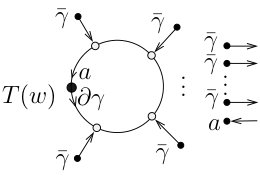 Figure 23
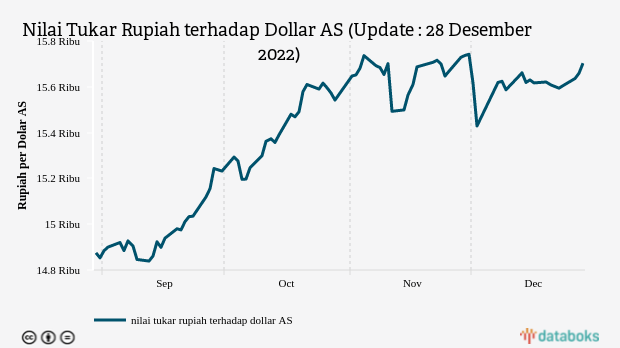 Nilai Tukar Rupiah terhadap Dollar AS (Update : 28 Desember 2022)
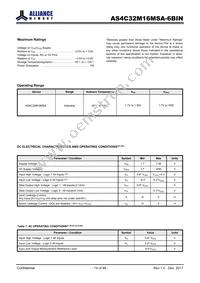 AS4C32M16MSA-6BIN Datasheet Page 14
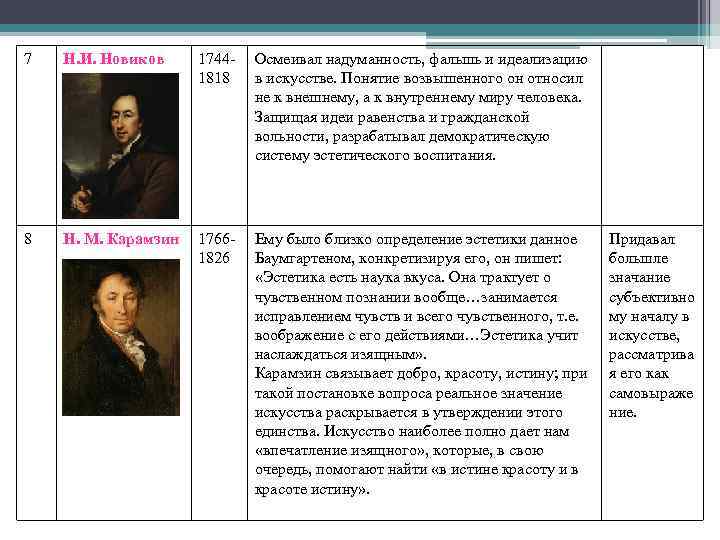 7 Н. И. Новиков 17441818 Осмеивал надуманность, фальшь и идеализацию в искусстве. Понятие возвышенного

> WHAT IS REQUIRED
The range to transcribe runs from the line holding "Nilai Tukar Rupiah" through the final line of the data above; copy it exactly and exclude the pictures.

> SOLVED PROBLEM
 Nilai Tukar Rupiah terhadap Dollar AS (Update : 28 Desember 2022)
 AS4C32M16MSA-6BIN Datasheet Page 14
 7 Н. И. Новиков 17441818 Осмеивал надуманность, фальшь и идеализацию в искусстве. Понятие возвышенного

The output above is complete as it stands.